In a sobering tribute to one of India’s most cherished ghazal voices, Pankaj Udhas’s departure left a deep void in the world of Indian music. The maestro, synonymous with the soulful track ‘Chitthi Aayee Hai,’ succumbed to an extended illness on Monday, closing a chapter full of melodic wizardry at the age of 72.

Spanning a career that introduced myriad melodious ghazals, Pankaj Udhas teamed up with numerous artists, gifting fans classics that resonate with emotions. Singer Kavita Krishnamurti, his longtime collaborator, lent her voice alongside Udhas on duets including ‘Aankh Mere Yaar Ki Dukhe’ (Ek Hi Raasta), ‘Mohabbaton Kaa Safar Hai’, and ‘Bareyada Mounada Kavite’ (Sparsha).
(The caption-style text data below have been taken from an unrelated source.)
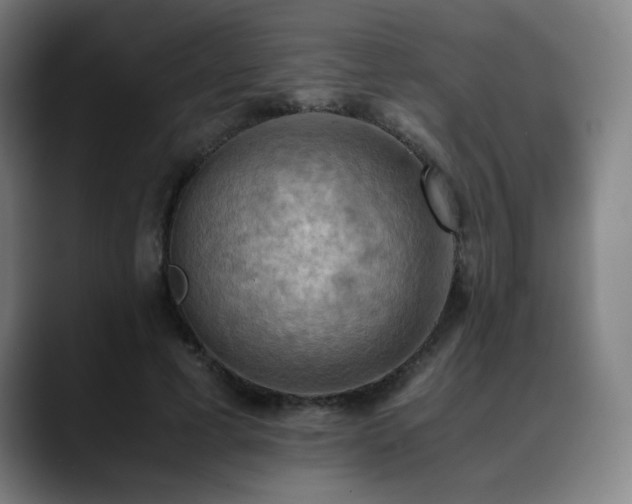X0000090430593200707131202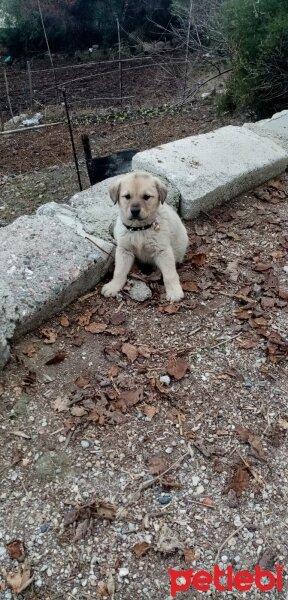 Kangal, Köpek  ARES fotoğrafı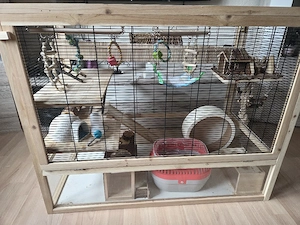 Mäuse Nagarium Gehege Bild 4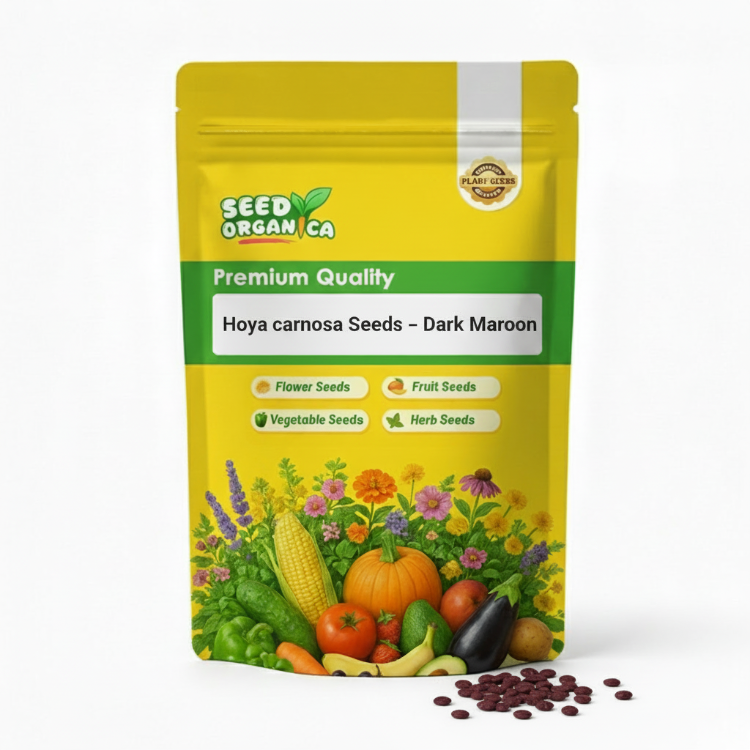 Hoya carnosa Seeds – Dark Maroon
Sharing her recollections exclusively with mid-day.com, Kavita expressed her affection and respect for the ghazal maestro.
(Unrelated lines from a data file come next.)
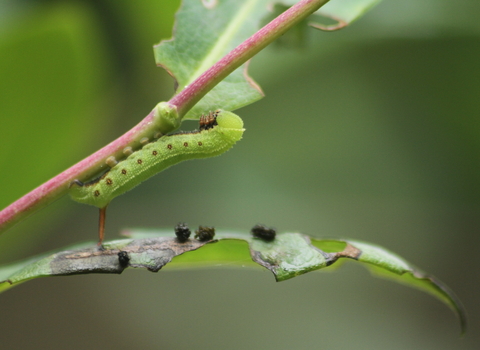 The caterpillar of a broad-bordered bee hawk-moth climbing a honeysuckle stem. It's a green caterpillar with white lines and red dots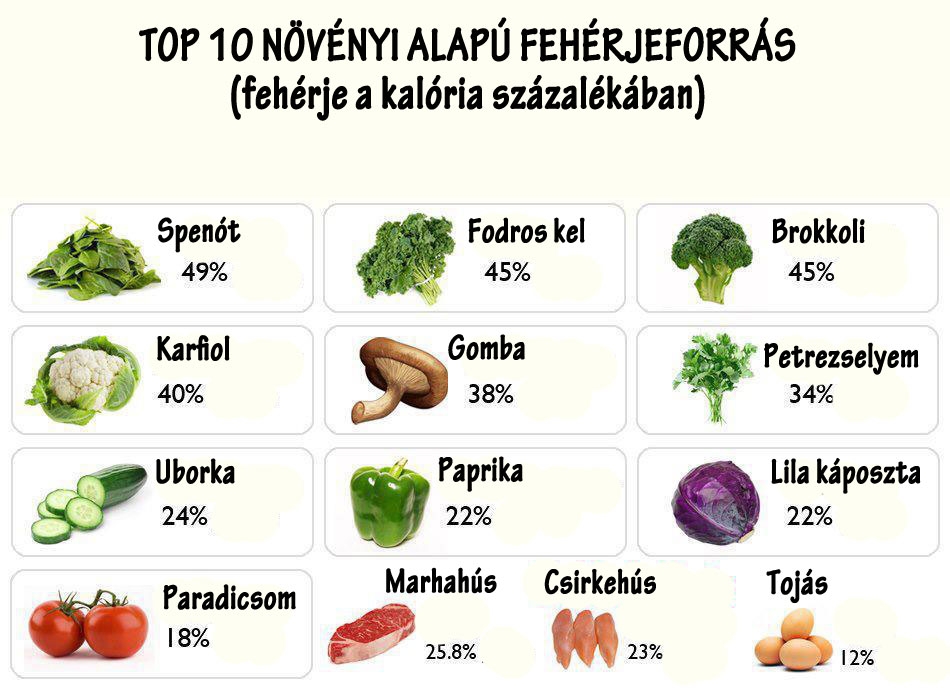 TOP10 növényi alapú fehérjeforrás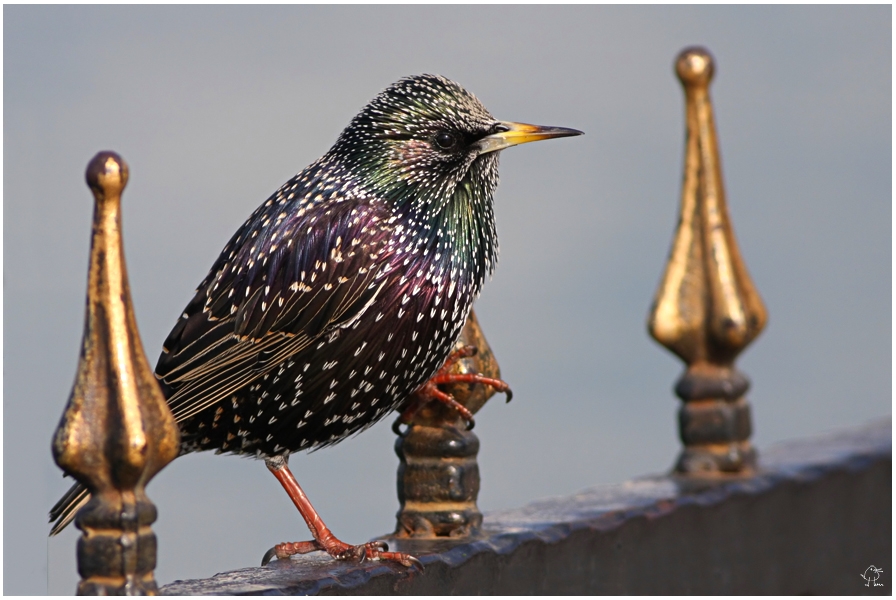 Common Starling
“Pankaj Udhasji was the sweetest and the nicest person in the music industry. One of the finest singers, his song ‘Chitthi Aayee Hai’, makes every Indian emotional. He had a very beautiful voice. I have known him from my St Xaviers Sangeet Mandal days. I will miss his smiling face and courteous ways. Success didn’t change him, especially when he was a superstar in the ghazal field, and he met all his old friends the same way,” she recounted fondly.
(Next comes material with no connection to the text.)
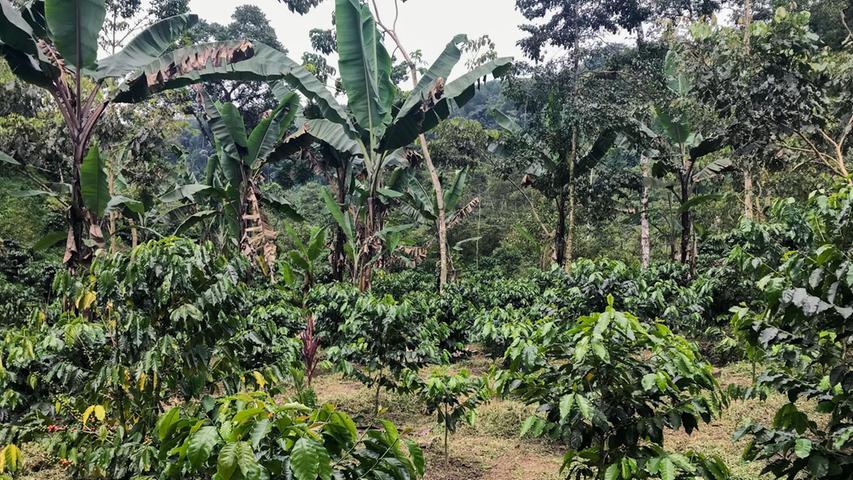 Der Klimawandel wirkt sich auch auf den Kaffeeanbau aus.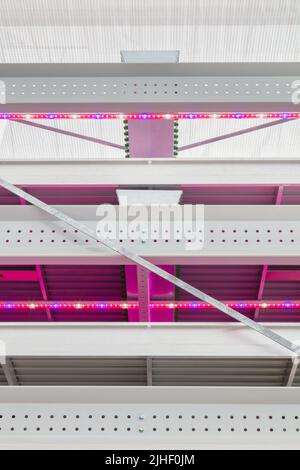 Vue avant d'un nouveau système d'agriculture verticale avec voyants LED allumés Banque D'Images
The news of his passing was conveyed through an Instagram post by his daughter Nayaab. Her message bore the weight of her anguish, “With a very heavy heart, we are saddened to inform you of the sad demise of Padmashri Pankaj Udhas on 26th February 2024 due to a prolonged illness.”

As confidants and colleagues mourned, ghazal singer Talat Aziz also paid his emotional respects through social media. “I knew he was unwell for the past couple of days. He was very serious. I am not aware of the exact cause. However, it is the end of an era with Pankaj passing away. Lots of memories. We started our career together, did a lot of concerts, and spent a lot of time being friends. I couldn’t meet him recently due to his ill health. I pray that his soul rests in peace. It has been shocking for us, especially me and Anup (Jalota),” Talat penned, visibly distraught at the loss of his friend.

Pankaj’s claim to fame soared with the release of his solo ghazal album ‘Aahat’ in 1980, marking the inception of an illustrious journey that was to etch his name in the annals of Indian music. His subsequent albums, ‘Mukarar’ in 1981, ‘Tarrannum’ in 1982, and ‘Mehfil’ in 1983, were met with overwhelming adoration. His Midas touch extended to Bollywood, where he rendered immortal classics like ‘Chitthi Aayi Hai’ (Naam), ‘Chhupana Bhi Nahi Aata’ (Baazigar), ‘Mahiya Teri Kasam’ (Ghayal), and ‘Na Kajre Ki Dhar’ (Mohra), endearing him ever more to his legion of fans.

Pankaj’s contributions to music showered him with numerous accolades, and notably, in 2006, he was awarded the prestigious Padma Shri, one of the highest civilian honors in India, in recognition of his outstanding artistry.

As the nightingale of India, Kavita Krishnamurti mourns alongside the nation, the legacy of Pankaj Udhas is immortalized through his melodies. His voice may have hushed, but his songs continue to resonate in the hearts of countless admirers, echoing with a profundity that transcends time, a true testament to a superstar unchanged by fame and loved by all.